Indonesia’s Palm Oil Curse
101 East exposes how companies and the government are turning a blind eye to the human cost of palm oil production.
Indonesia is the world’s largest producer of palm oil. From chocolate and ice cream to soap and cosmetics, palm oil from this Southeast Asian nation is found in countless products on supermarket shelves around the world.
But soaring global demand for the oil is having a disastrous impact on Indonesia’s people and environment.
Millions of hectares of land are being razed to make way for new palm oil plantations, destroying farmers’ livelihoods and devastating rural communities.
We travelled to the Indonesian province of Papua, where vast swaths of rainforest are about to be destroyed to make way for new plantations.

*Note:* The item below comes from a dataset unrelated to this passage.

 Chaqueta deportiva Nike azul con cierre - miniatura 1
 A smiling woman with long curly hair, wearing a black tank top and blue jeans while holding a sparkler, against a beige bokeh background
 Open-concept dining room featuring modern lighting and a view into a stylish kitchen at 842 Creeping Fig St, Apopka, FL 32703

The plantations are going ahead despite fierce protests from the local community, particularly the Mahuze tribe. As bulldozers arrive on their land, Augustinus, a tribal leader, confronts a representative of the palm oil company.

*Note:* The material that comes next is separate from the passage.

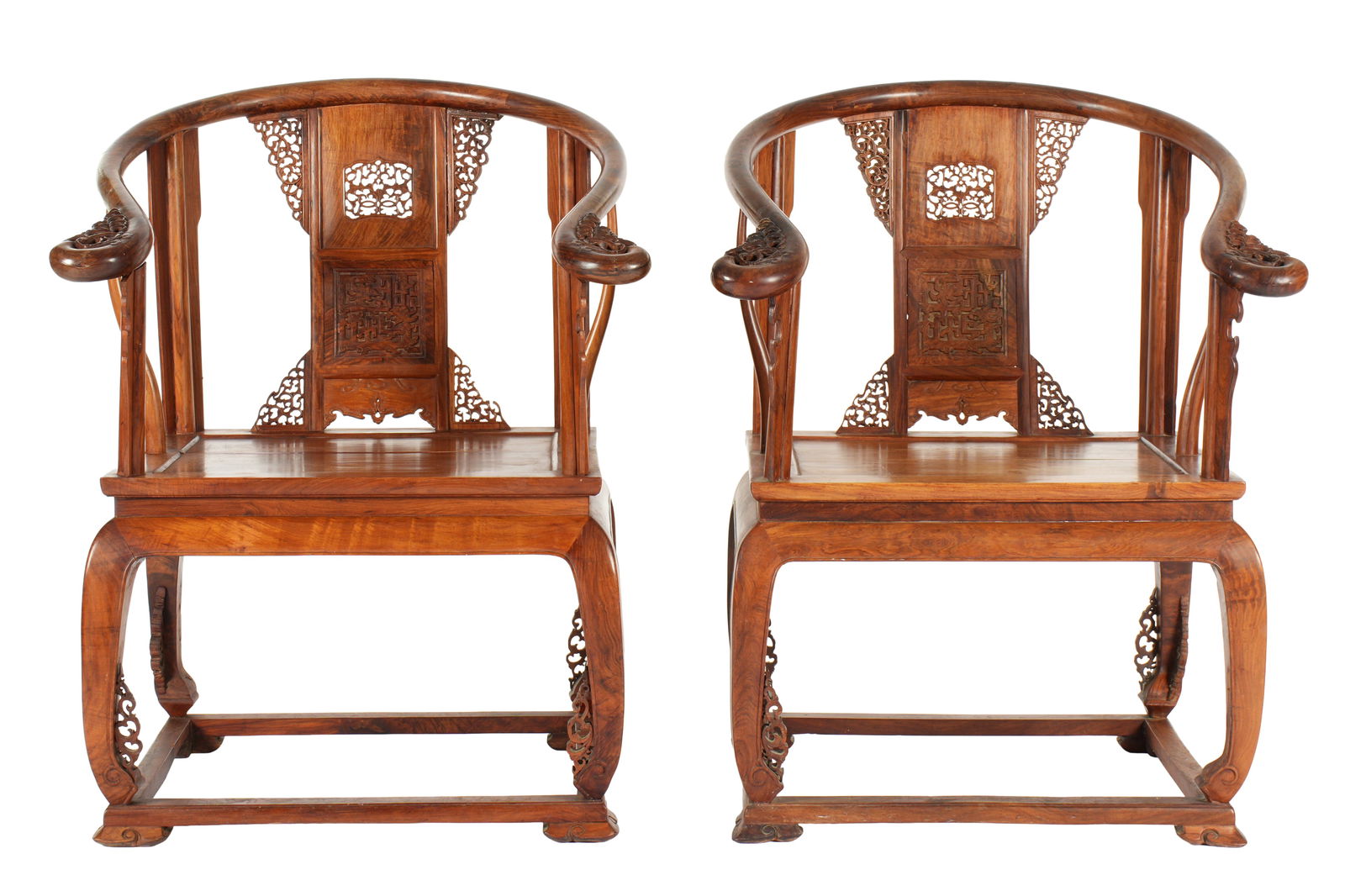 Pair Chinese Horseshoe Back Huanghuali Chairs: 20th Century Chinese Huanghuali or similar wood horseshoe back arm chairs. Shaped top rail extending into arms, reticulated pierced carved accents on back and hand holds. Shaped legs with reticulated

“We have come here to tell you to stop destroying our forest immediately and to leave our land,” he says.
On the island of Kalimantan, the Dayak people are rallying together to protect their way of life which relies on the rainforest.
“It’s not worth sacrificing our forest in the hope of making quick money. When companies come here and try to lure us with easy money, we’re not interested,” says the community’s leader.
But across Indonesia, palm oil companies continue to clear land on a massive scale, leaving a trail of environmental devastation in their wake.
101 East investigates the human cost of the world’s palm oil addiction.